The other side of this credit lock down is that lenders have tightened lending standards during the last 18 months, and some are still tightening. That’s certainly understandable given where mortgage standards were in 2007, but the reversal has swung too far. Today, lenders seem to be looking for ways to not make fixed-rate mortgage loans. I’m not arguing that subprime lending should rear its ugly head again. I am arguing that lenders have overcorrected. Too many stories have emerged across the country of qualified borrowers getting shot down.
Most lenders seem to be willing to provide mortgages right now for rural property only in very specific circumstances.
They want a cookie-cutter profile for both the property and the borrower. They want most of the value in the house and as little as possible in the land. Twenty percent down, or more. Low appraisal values. Loan-to-value of 80 percent or less. Guaranteed borrower wage income for life and beyond. Self-employed borrowers are not welcomed. Credit score of 700+. The mortgage must be saleable; few want to carry a loan they originate. And so on.
Land loans are often similarly handicapped, as are commercial and industrial (C&I) loans. Most lenders want as much cash in on land loans as they can get out of the borrowers. It often doesn’t matter what the property presents as annual cash income or merchantable timber value.
I was surprised at how uncompetitive my Farm Credit Coop was on my refinance. They quoted a 30-year fixed at 7.65 percent about six weeks ago. The member-owned, non-profit community credit union I belong to sells exclusively to an investor who has no taste for anything outside the lines of utmost conventionality. They quoted nothing fixed, only adjustable.
I anticipated reluctance, but not near total unresponsiveness. For that reason, I gave the five candidates every scrap of information and documentation they needed before applying, before asking for a Good Faith Estimate. I dug out comparables. I sent tax returns, gross income for 1-11/2009, photocopies of every account (savings, IRAs, credit cards, etc.), credit scores/reports, debtstatements for vehicles, farmowner’s insurance coverages and on and on. My wife, incidentally, is a real-estate lawyer who has worked for years with every one of these lenders. We’ve not been late on a mortgage payment in 26 years.
To every generalization, I’m sure exceptions exist. But it requires a lot of work and persistence on the borrower’s part to find the exception these days.
Some lenders understand rural land; some don’t, and don’t care to learn the market.
Rural residences tend to be idiosyncratic in that they often involve more land than the “maximum” of nine acres that banks want.

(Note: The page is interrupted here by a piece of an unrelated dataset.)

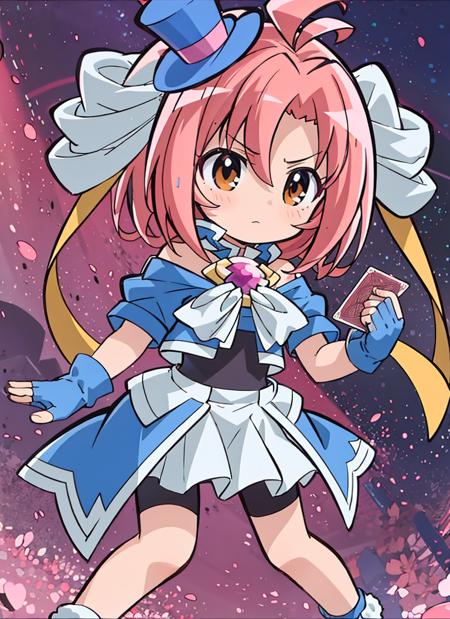 Laila April (Battle Spirits: Saikyou Ginga Ultimate Zero) / ライラ・エイプリル（最強銀河 究極ゼロ 〜バトルスピリッツ〜）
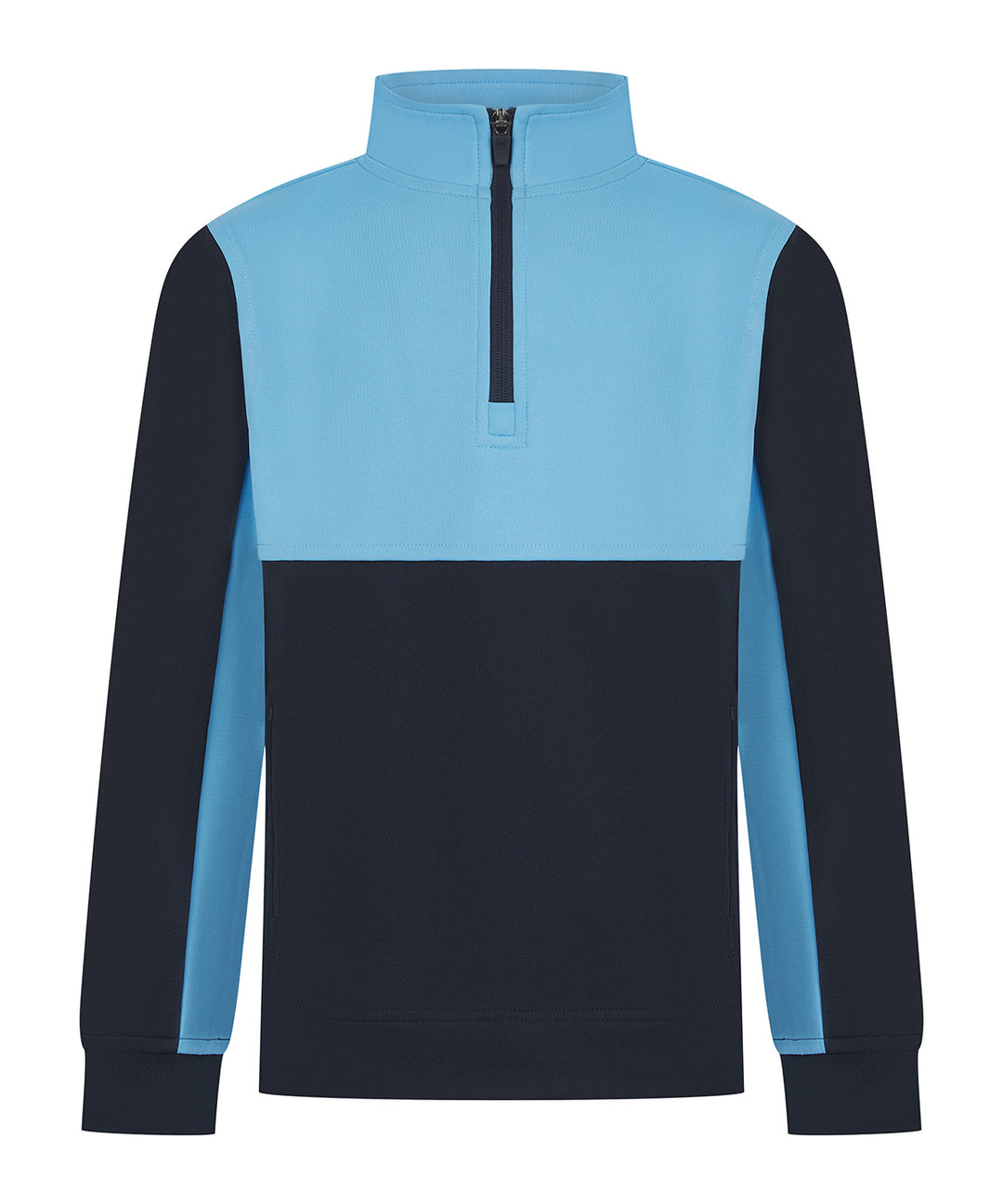 Kids ¼-tracksuit top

They also come with farm-related improvements around the house that are valued for property taxes at a huge discount to their fair market values. I have $200,000 in barns and farm buildings valued at replacement cost, which our county values for taxes at $7,500. It’s a great tax break, but it works against a borrower trying to show his property’s fair market value.
Most farms and rural residences appear to have held their values better than metro housing and, particularly, condos. The arbitrary penalties that many lenders are now imposing on the rural real-estate market don’t make financial or economic sense, at least to me.
And perhaps I’ve missed it. But I don’t hear rural representatives making any noise inWashington. Maybe my hearing isn’t what it used to be, but I think it’s still good enough to hear someone calling for balance and common sense.